Work instruction:
Once the images are set aside, output the listing exactly as it stands.
┌─ Given information
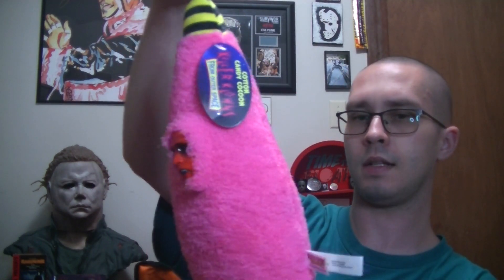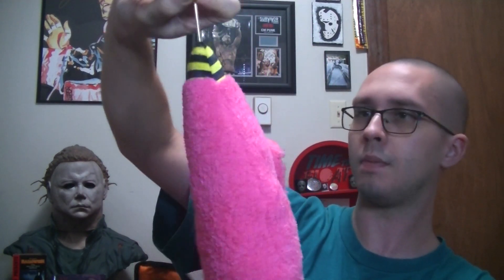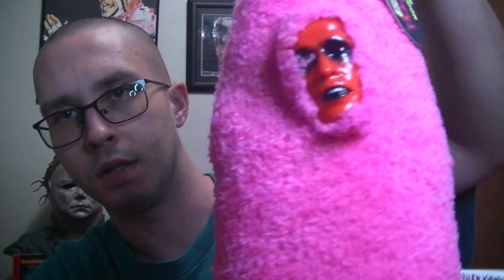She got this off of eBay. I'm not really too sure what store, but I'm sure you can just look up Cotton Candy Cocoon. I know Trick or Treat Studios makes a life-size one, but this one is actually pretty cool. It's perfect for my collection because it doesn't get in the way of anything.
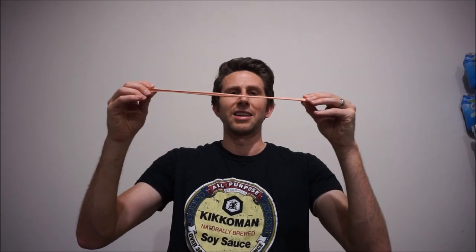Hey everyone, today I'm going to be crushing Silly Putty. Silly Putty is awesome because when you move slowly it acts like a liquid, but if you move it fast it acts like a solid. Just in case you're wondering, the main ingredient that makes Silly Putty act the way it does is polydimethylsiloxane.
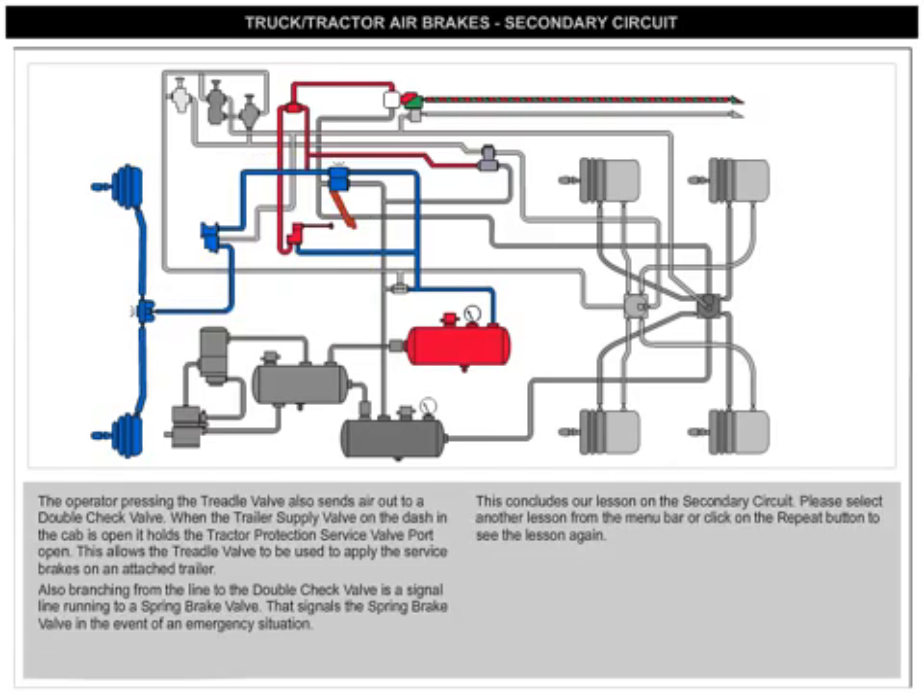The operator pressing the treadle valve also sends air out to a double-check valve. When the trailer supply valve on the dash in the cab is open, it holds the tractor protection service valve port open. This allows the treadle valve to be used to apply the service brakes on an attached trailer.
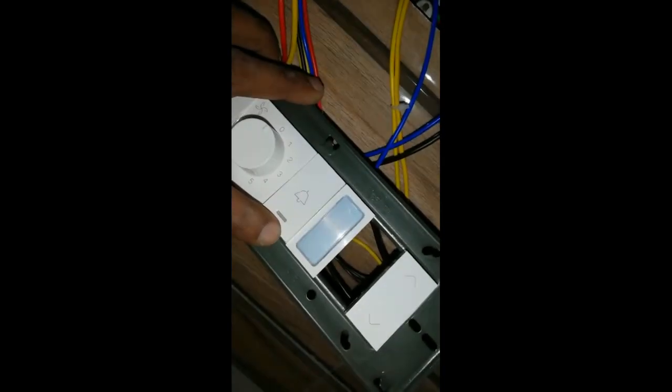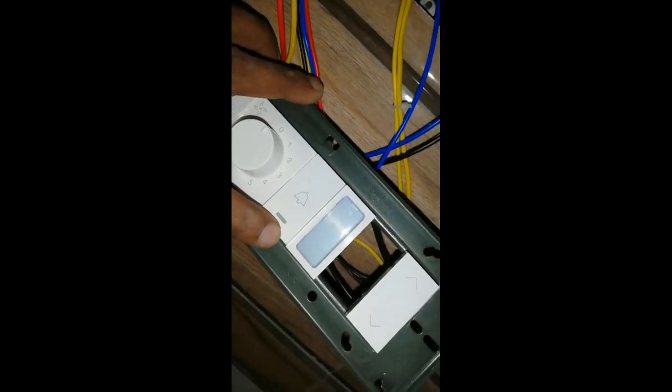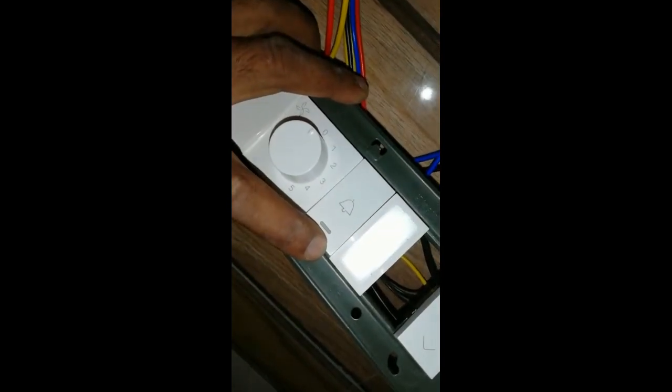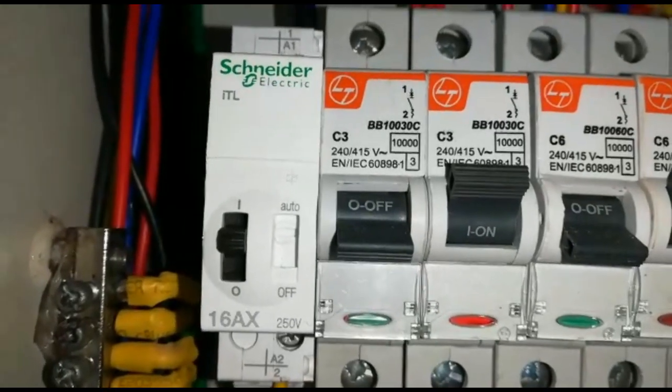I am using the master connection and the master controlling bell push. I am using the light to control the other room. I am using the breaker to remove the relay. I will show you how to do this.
└─
Reply:
She got this off of eBay. I'm not really too sure what store, but I'm sure you can just look up Cotton Candy Cocoon. I know Trick or Treat Studios makes a life-size one, but this one is actually pretty cool. It's perfect for my collection because it doesn't get in the way of anything.
Hey everyone, today I'm going to be crushing Silly Putty. Silly Putty is awesome because when you move slowly it acts like a liquid, but if you move it fast it acts like a solid. Just in case you're wondering, the main ingredient that makes Silly Putty act the way it does is polydimethylsiloxane.
The operator pressing the treadle valve also sends air out to a double-check valve. When the trailer supply valve on the dash in the cab is open, it holds the tractor protection service valve port open. This allows the treadle valve to be used to apply the service brakes on an attached trailer.
I am using the master connection and the master controlling bell push. I am using the light to control the other room. I am using the breaker to remove the relay. I will show you how to do this.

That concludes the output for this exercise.